Appleton Chapel was well filled last night, owing to the general interest felt in Edward Everett Hale's tribute to the memory of the late Rev. Andrew P. Peabody.
Of late years Dr. Peabody had withdrawn from all active connection with the college, except as a member of the Board of Overseers. For this reason he was probably not personally known to many undergraduates at the time of his death; but in the days of his active life here he would have been grieved to think that he was not in very close touch with a majority of the students.
Dr. Peabody always thought and spoke of Harvard as a body of men, young and old, mature and immature working for a common end. As he looked at it, we had made our astronomical discoveries, we had taken our photographs at the station in Peru, we had made our touchdown in the football game. The success of one was the success and the joy of all. This feeling he retained even when his work took him to another state and there was probably no day in which his mind did not turn at least a dozen times to the college as the centre of his hopes and interests.
For twenty years Dr. Peabody delivered the baccalaurate address to the graduating class; and if these addresses could be collected they would form a worthy memorial of him. He did not confine himself in them to generalties, but diligently considered in each some one important question for the benefit of the many young men whom interest and confidence in him brought together when he spoke.
To name the preachers who have officiated in Appleton Chapel is to name a succession of leaders of men who were in touch with their times; and Dr. Peabody was one of the most noted of these.
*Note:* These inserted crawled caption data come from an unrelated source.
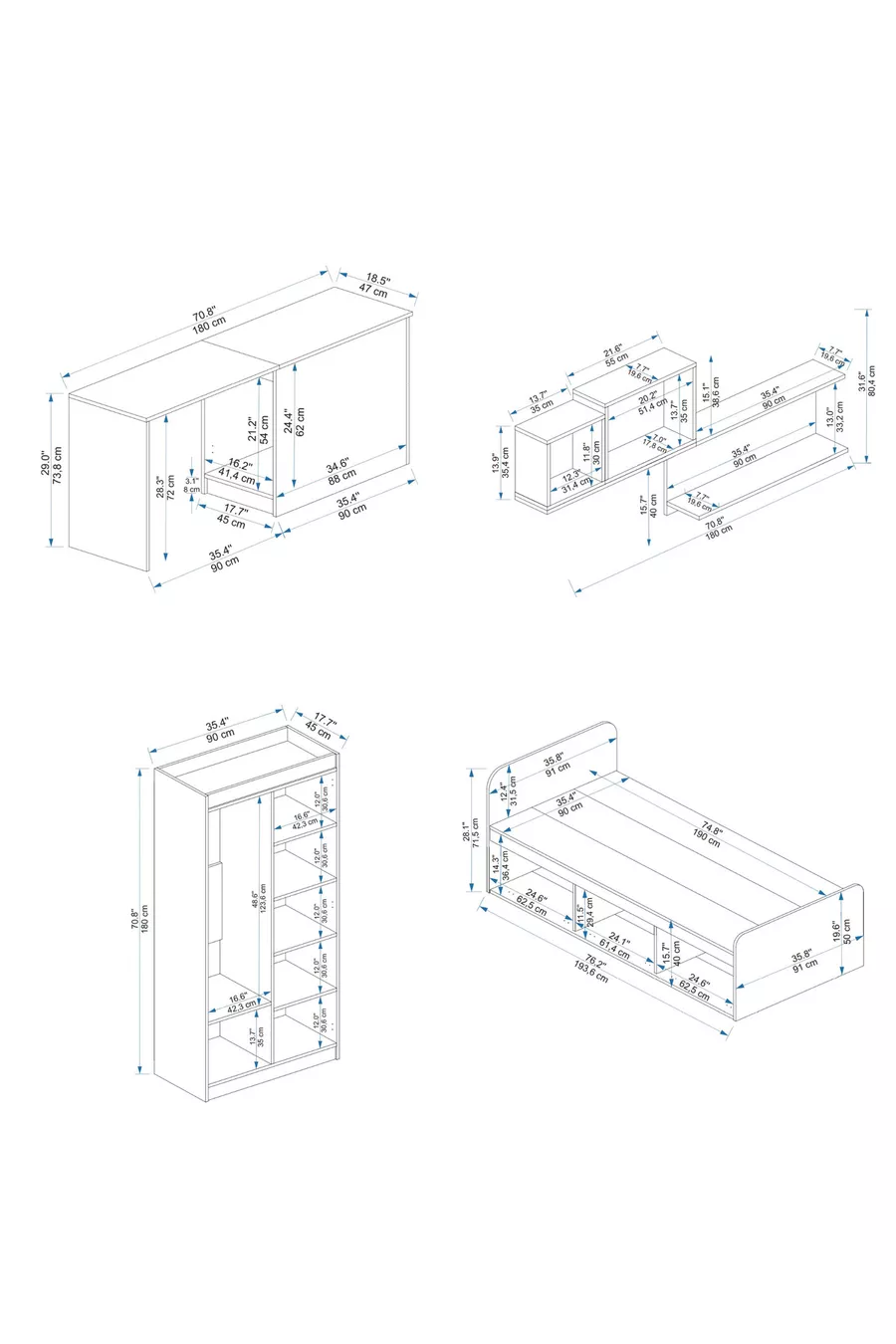 Chambre Jeune Akser Ensemble 4 pièces – Blanc (Bureau, Lit, Armoire, Étagère murale)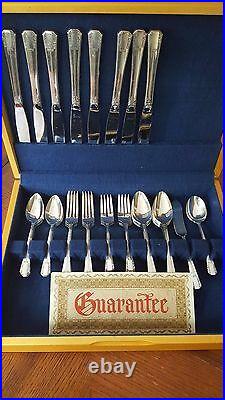 Wm A Rogers TRIPLE Plate Silver 42 Pc PARK LANE 1936 in Oak Box withOrig Guarantee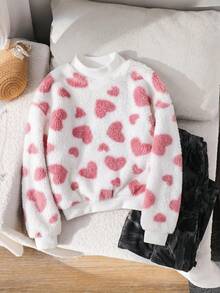 Emery Rose Kids Emery Rose Kids 少女心形圖案長袖抓絨冬季衛衣，印花套頭衫，休閒運動戶外優雅粉色與白色黑色秋季 - 粉色 - 查看 2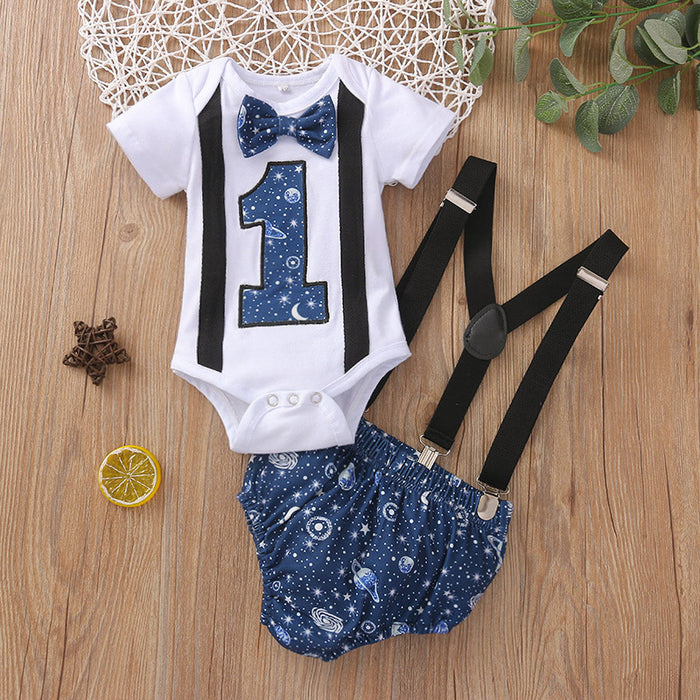 Babymoon 1st Birthday Cake Smash Outfit |Romper & Suspender Costume | 1 Yr - Blue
Men early came to feel that he had a definite plan of life, - a plan for an indefinite immortal life; and they trusted him accordingly. Those who came from a distance probably heard him most often and valued him most highly; and though this made his influence as a preacher very wide, it is not solely, or even chiefly, as such that he is to be remembered.
It was a motto of Dr. Peabody's that "every man should have a vocation and an avocation." He himself lived up to this, for while his vocation was the charge of a large church, he made his avocation the conduct of the editorial chair in the North American Review. This work he carried on for five years before giving it up to devote himself to his many other interests. He was always active and in his old age was an example of pluck and energy. Every where people looked up to him and as a leader in religious communion none was more widely known or more honored than he.
Always loving, reliable, and true, Dr. Peabody lent a helping hand to hundreds of whom the world will never know. He lived for others and for God Himself; and surely there is no success like that with which his life was crowned.
The choir sang the anthems: "Thy sun shall no more go down, and" Omnes Amici Mei," by Palestrina. Mr. Merrill sang "But they are in peace," by Faster.